The major religious groups of the world were listed in 2012 as Christianity 33%, Islam 24%, Atheist/ Secular/Agnostic 16%, Hinduism 16%, Buddhism 7%, Folk religion (animism/polytheism) 5.9%.

We have looked at the God of the Bible in the previous section. Let us look at how the three categories of mindless mechanisms, impersonal consciousness and personal consciousness apply to the other major world beliefs.

God in Different Belief Systems

Islam holds to a belief in an infinite personal God. But when we compare Allah with the God of the Bible we find some major differences. Islam does not believe in a Trinity. Allah is strictly one person. He is complete in himself and has no need to relate to any other person. The Trinity means there are three persons with one essence. It means that interpersonal relationships are part of the nature of God. This means love, meaning, truth, communication, morality are all intrinsically part of God’s nature and eternally valuable.  But if God is one isolated person then anything relational is not part of God’s essential nature. Communication, love, moral behavior towards others has no ultimate value. They are dependent creations, which last only as long as Allah wills it.    

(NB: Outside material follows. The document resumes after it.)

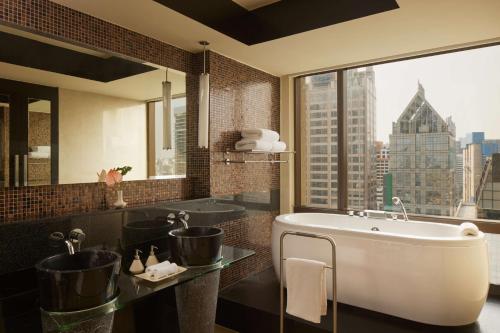a bathroom with a sink and a large window at Banyan Tree Bangkok in Bangkok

For Atheistic Materialism, Love, meaning, truth and morality are also illusions which our brains have constructed as an aid to evolutionary survival.

Atheistic Materialism is a straightforward belief that matter is all that exists. Everything is built on this. The complexity of life, impersonal consciousness and personal consciousness are all just expressions of matter reaching increasingly complex levels; usually through evolutionary pathways. We may think the person is something more than the biochemistry of the brain but we are deluded. The experience of a person is often described as an by-product (epiphenomenon) of matter—an illusion with no real independent existence. Love, meaning, truth and morality are also illusions which our brains have constructed as an aid to evolutionary survival.       

Eastern Religions

An internet search for the term ‘impersonal consciousness’ brings up a lot of Hindu, Buddhist and New Age articles and lectures. It is a term that describes a state of consciousness where the ‘self’ disappears and there is just a mind of awareness. This state is often experienced as involving a universal awareness of everything and of the self disappearing into a oneness with everything. It is generally reached through various meditation techniques, which involve making the ‘self’ inactive in the mind. The workings of the mind are just experienced passively.  What is going on here?

From a scientific point of view there are psychological states where the boundary between self and non-self seem to disappear. These states can be brought on by drugs such as LSD and by various meditation techniques. However this is not how Hinduism and Buddhism understand these experiences. For these worldviews they are not some physiological aberration of the mind. They are experiences of the true nature of ultimate reality.

These states can be brought on by drugs such as LSD. But, for Hinduism and Buddhism these are not some physiological aberration of the mind. They are experiences of the true nature of ultimate reality.

In classical Hinduism (Advaita Vedanta) the Brahman is the ultimate reality. Everything that we observe is really part of this ultimate reality.  Individual things look as if they are different from each other but that is an illusion. A table and a glass of water are really the same thing. Everything is really one. This includes not only the material world but also the individual self.  Our awareness of the individual self is an illusion we need to escape if we want to know reality. Escape from the individual self is often illustrated with a drop of water merging with the ocean. The drop still exists but its individuality is lost.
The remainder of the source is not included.